Alaric wrote:
If you have a dodgy selection today, why not look back at how you selected those investments if you are still using the same or similar rules?
Alaric,
How do you square the above statement with the many people here using the same
high-yield selection-criteria, who are actually
happy with their income portfolios?
If you don't answer any other question, then can you please answer that one?
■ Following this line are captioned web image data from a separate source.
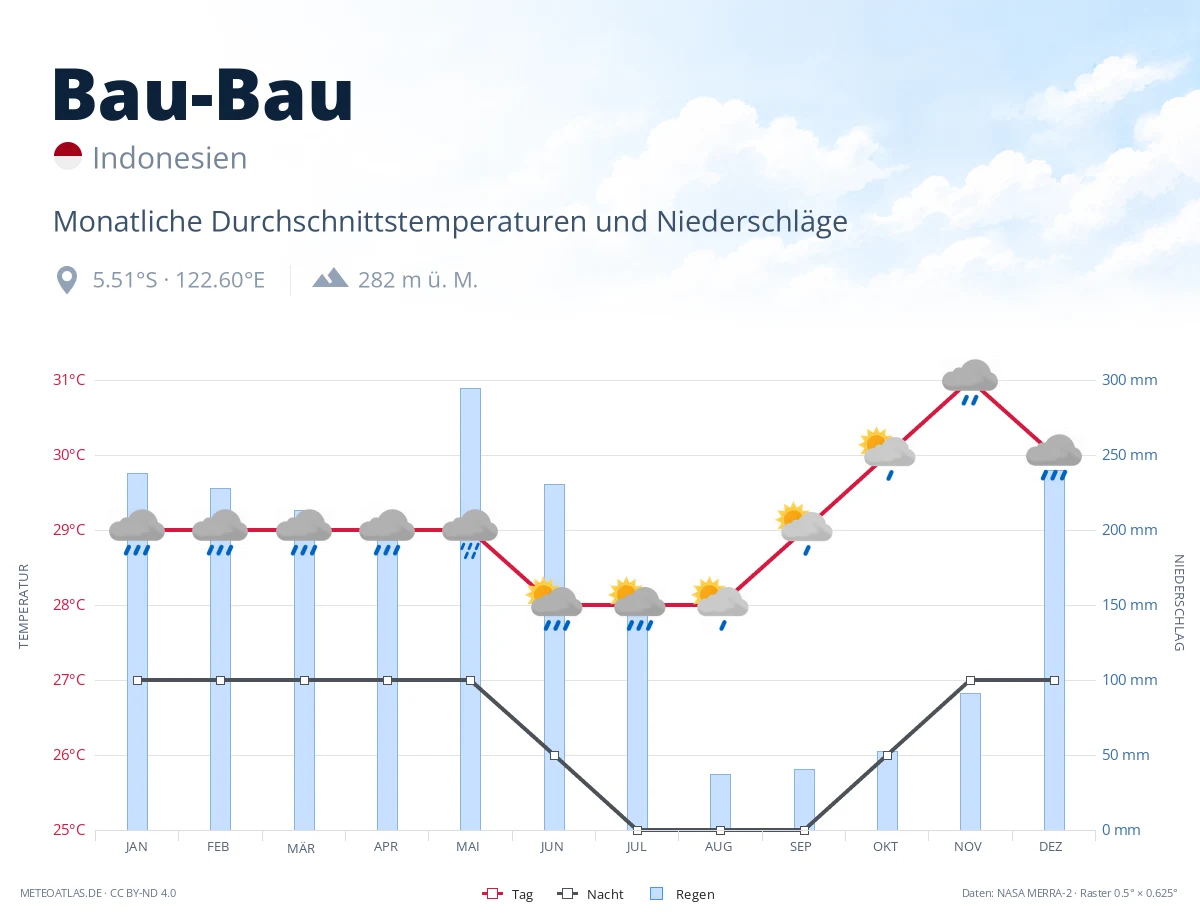Bau-Bau - monatliche Durchschnittstemperaturen und Niederschläge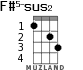 F#5-sus2 for ukulele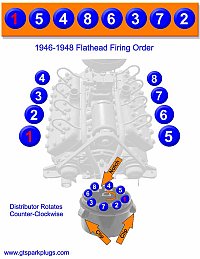 Flathead Ford Firing Order 1946-1948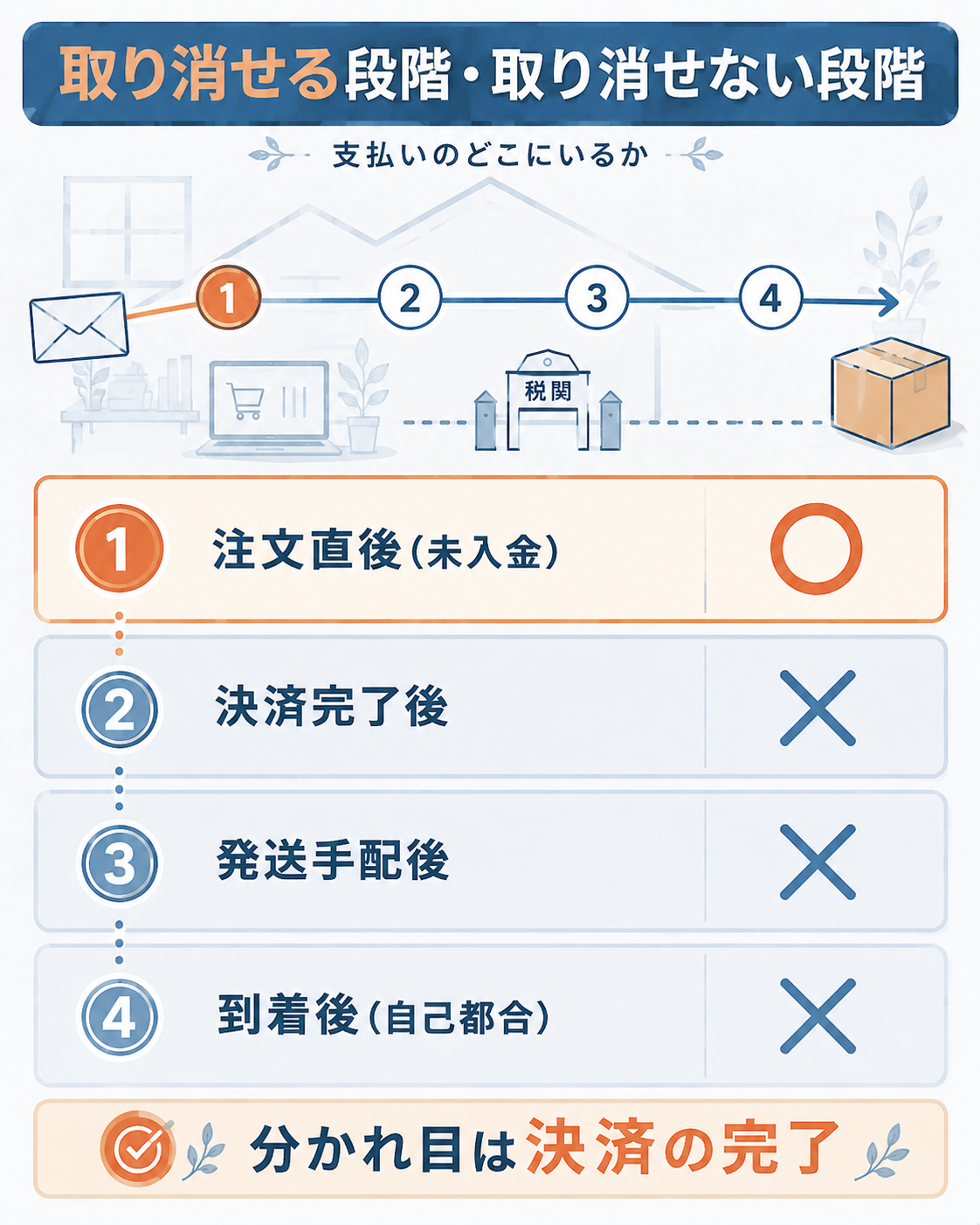 注文の段階ごとにキャンセル可否を示したフロー図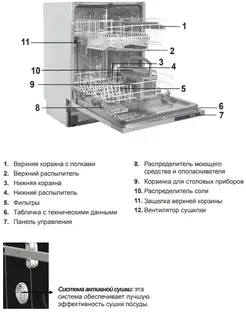 Встраиваемая посудомоечная машина Schaub Lorenz SLG VI6310 фото 3 в Ростове-на-Дону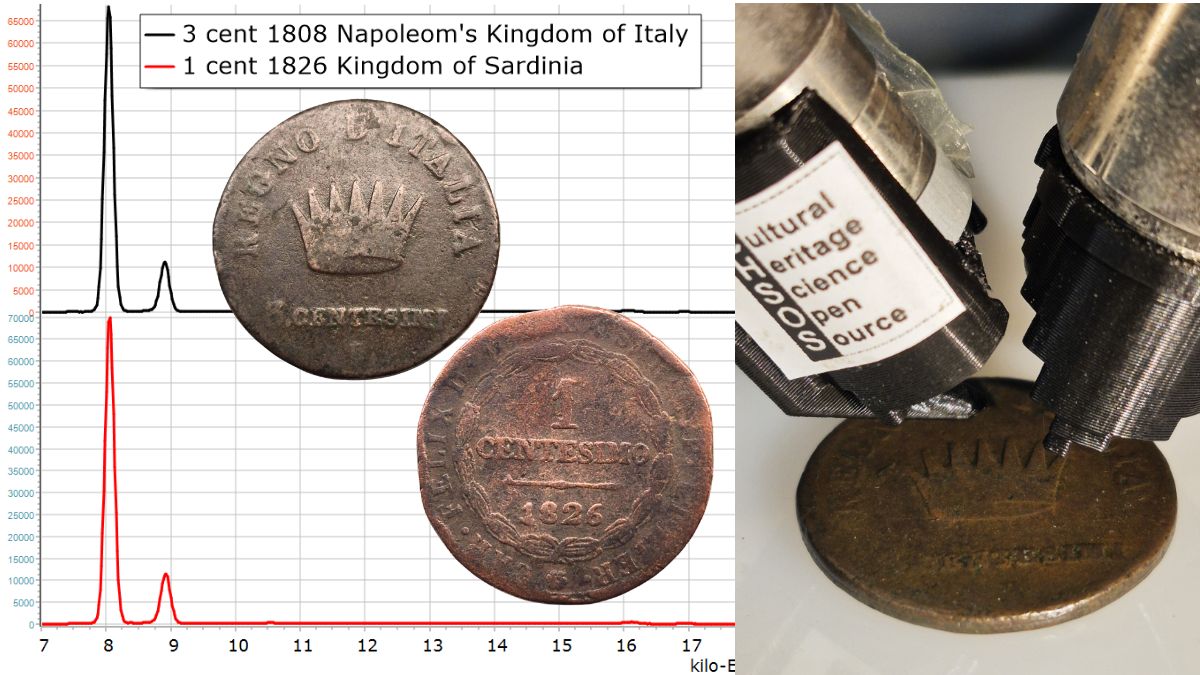 Course XRF - Metals - copper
Many of those high-yield income investors have been happy for many, many years, and many are happily retired and continue to use the strategy, or one very similar to it.
A
portfolio approach to income investment helps to mitigate the effects of poorly performing single-investments.
Such cases are
impossible to avoid, and that's a simple fact of personal-investment life, no matter
which strategy we choose to use....
We will never be able to avoid them, but just because a particular strategy might result in picking the odd dud, that does not make the
strategy itself a poor one.
Why do you refuse to see this, and continue to disparage a strategy by pretending that
everyone's income portfolios are chock full of duds?
That is clearly
not the case.....
In addition to the above, can you not see that you're only able to point at companies like Carillion as an example for your criticism of a high-yield strategy, because the strategy itself is known and visible, and this then enables you to see evidence that it's been chosen in the past as an income-investment using it.
You, however, refuse to deliver an alternative strategy that people could use to actually invest at a portfolio level. As this is the case, it's clearly impossible for any criticism of such an invisible strategy, or to see which companies such an invisible strategy might have picked in the past.
As we've said before - pointing backwards is great, we can all do it, but pointing forwards is difficult, and your continued refusal to describe an
actual alternative strategy rather proves that point, wouldn't you agree?